Cast:
Gary Cooper (O'Hara), Madeleine Carroll (Judy Perrie), Akim Tamiroff (General Yang), Dudley Digges (Mr. Wu), Porter Hall (Peter Perrie/Peter Martin), William Frawley (Brighton), J.M. Kerrigan (Leach), Philip Ahn (Oxford), Lee Tung Foo (Mr. Chen), and Leonid Kinskey (Stewart) Directed by Lewis Milestone (#901 - The Racket, #1336 - The Front Page, #1709 - Ocean's 11)
Review:
Okay, it might sound a bit odd to pick this film out in the middle of a career, but Lewis Milestone is a pretty good one to spotlight again. If you can do films such as Two Arabian Knights (1927) and All Quiet on the Western Front (1930), one wouldn't be surprised to see him here with a melodrama action film. Of course, anyone was a student of Columbia University's School of Military Cinematography within the Signal Corps would have a good knowledge of photography. He started in comedy but took on various genres, one of which included adventure-melodrama. He needed it after his last two films (both musicals) in Paris in Spring (1935) and Anything Goes (1936) flopped. While he later considered The General Died at Dawn a film "of little consequence", it ended up being a pretty noted feature in his lengthy career. The film was written by Charles G. Booth and Clifford Odets. Odets was a noted playwright for his social dramas who did a handful of scripts (some without credit) while Booth was just starting out as a screenwriter (one of his future stories with The House on 92nd Street (1942) would win him an Academy Award).

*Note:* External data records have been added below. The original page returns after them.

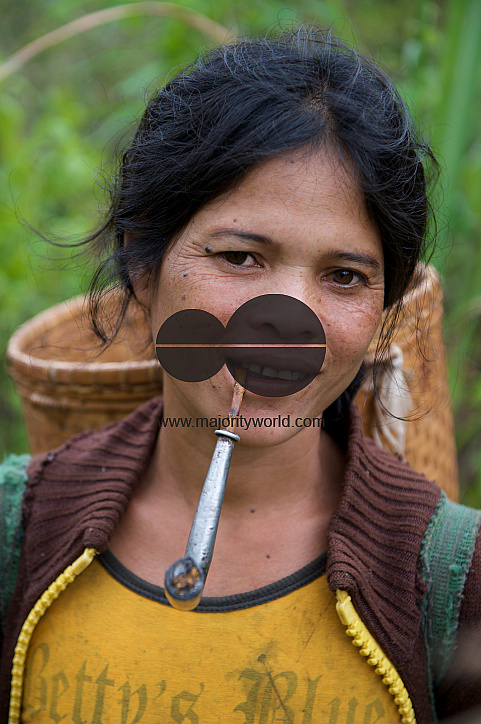  A woman smoking a traditional pipe
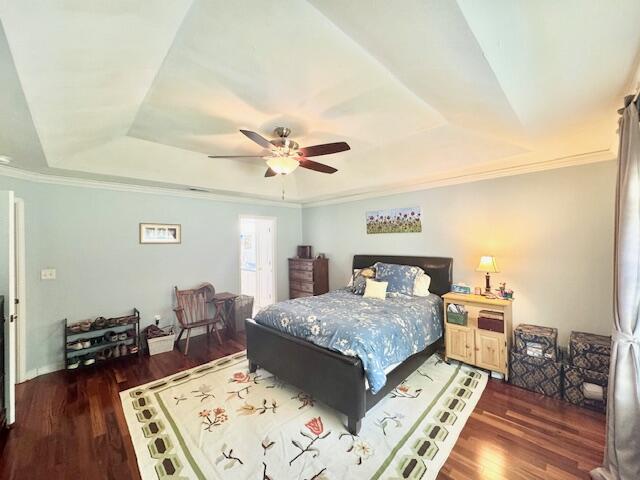 4258 Shadow Lane Niceville, FL 32578 - Photo 19 of 35 a bedroom with a bed and wooden floor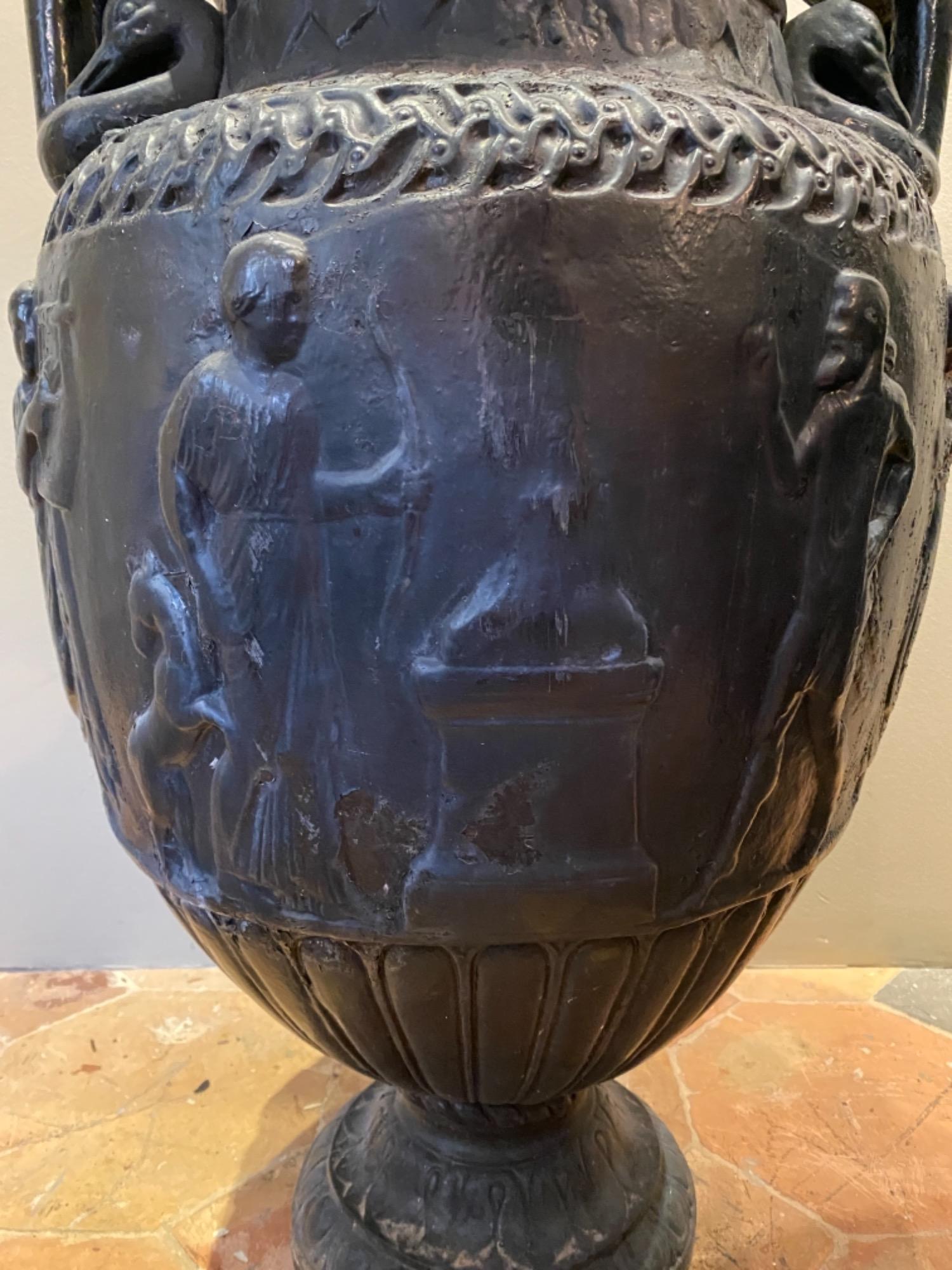 Pair of French cast iron urns 19th c 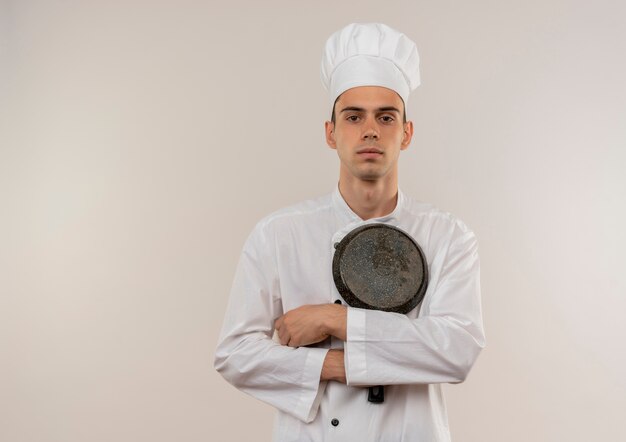 Confiado joven cocinero vistiendo uniforme de chef cruzando las manos y sosteniendo una sartén en la pared blanca aislada con espacio de copia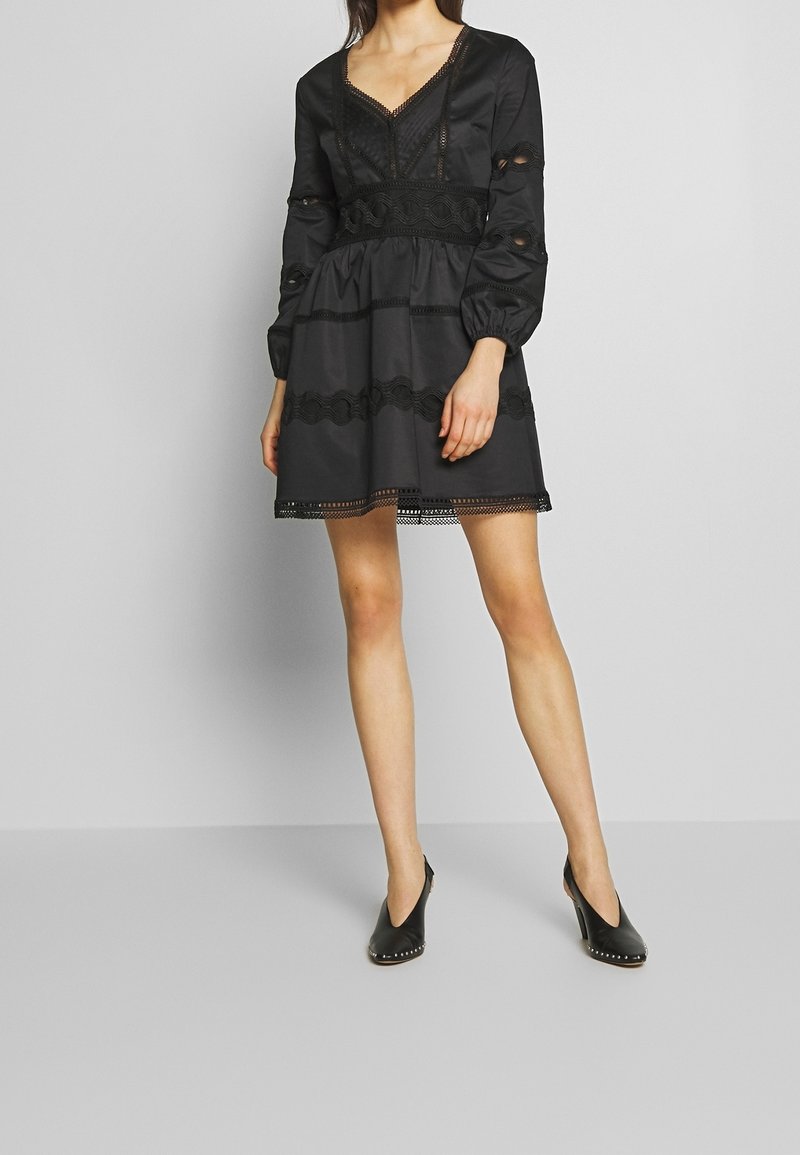 Robe noire à manches longues, col en V, avec des détails en dentelle à la taille et à l'ourlet. Elle présente une jupe évasée et des découpes sur les manches.
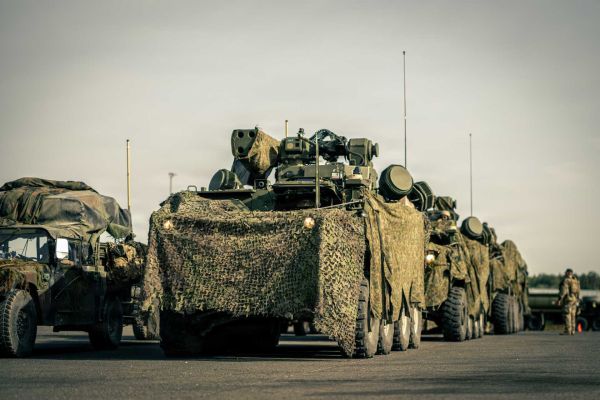 U.S. Army SGT STOUT Maneuver Short-Range Air Defense vehicles from A Battery, 5th Battalion, 4th Air Defense Artillery Regiment, prepare to enter the training area during Saber Junction 26 at Hohenfels, Germany, on August 27, 2026. The vehicles were employed to strengthen counter-UAS protection for artillery units and help shield firing positions from drone-directed targeting.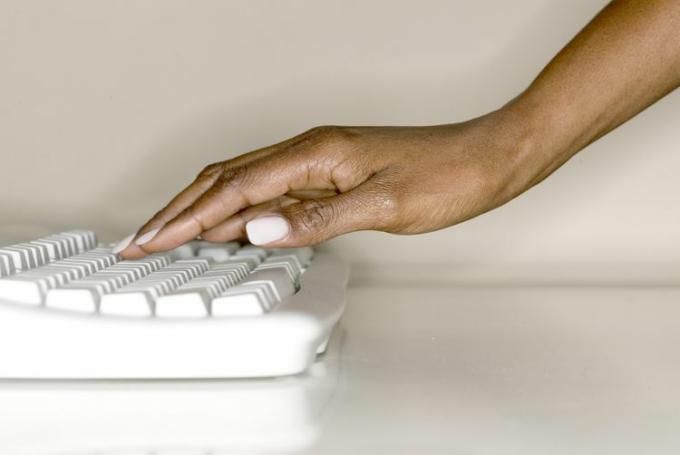 Ręka kobiety na klawiaturze komputera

So, we have a tale of a man who likes to root for the underdog and therefore has decided to help people from their oppression. In that sense, it reminds one of the real-life figure Two-Gun Cohen, a British/Canadian adventure with Jewish roots that basically became a soldier of fortune for Chinese-related efforts (such as the National Revolutionary Army). Some of this plays out pretty well in cynicism in the portrayal laid out by Cooper more so than anybody else for a film made in a time where Armenian actors are put out in latex to play Asian characters. If you enjoyed the exploits of train adventure involving warlords with Shanghai Express (1932), you will find plenty to partake here, although obviously they don't have the same dynamics. Cooper and Carroll make an adequate pair together, mostly since the latter isn't given as much to do despite being quite engaging, but their last scenes together around the climax do the job. Tamiroff, Hall, and Kerrigan are the general adversaries, although obviously attention is focused on the first one (since he was the one actor to receive an Academy Award nomination here). Tamiroff accomplishes the main goal with worthy timing and edge, while Hall makes a quality fool and Kerrigan makes a most useful sinister toady. This is basically a "wham-bam and figure the plot eventually ma'am" kind of movie, where you kind of just have to go with whatever the film is laying out and hope things play out to satisfaction. Like other adventures for others to identify, it is the kind of movie where one might as well be asking, "why not just shoot him?". Aside from its final conclusion, the movie does work out to expectations. And what I mean by that is the part where the lead character has to convince the villain to save their lives...so that they can tell others about the General's exploits due to their impending death. And, well, since you already read this, the General then orders his men to kill each other for the honor. No, really. If you can take the film seriously enough for most of its 98-minute runtime, even an ending that may verge on "convenient" may work fine enough to not ruin the general experience. I will go with what the movie is running with its attempts in the general sense of romances and adventure at dawn and call it a pleasant one to recommend. With a director like Milestone, it is a quality mission for one to accept.
Overall, I give it 8 out of 10 stars.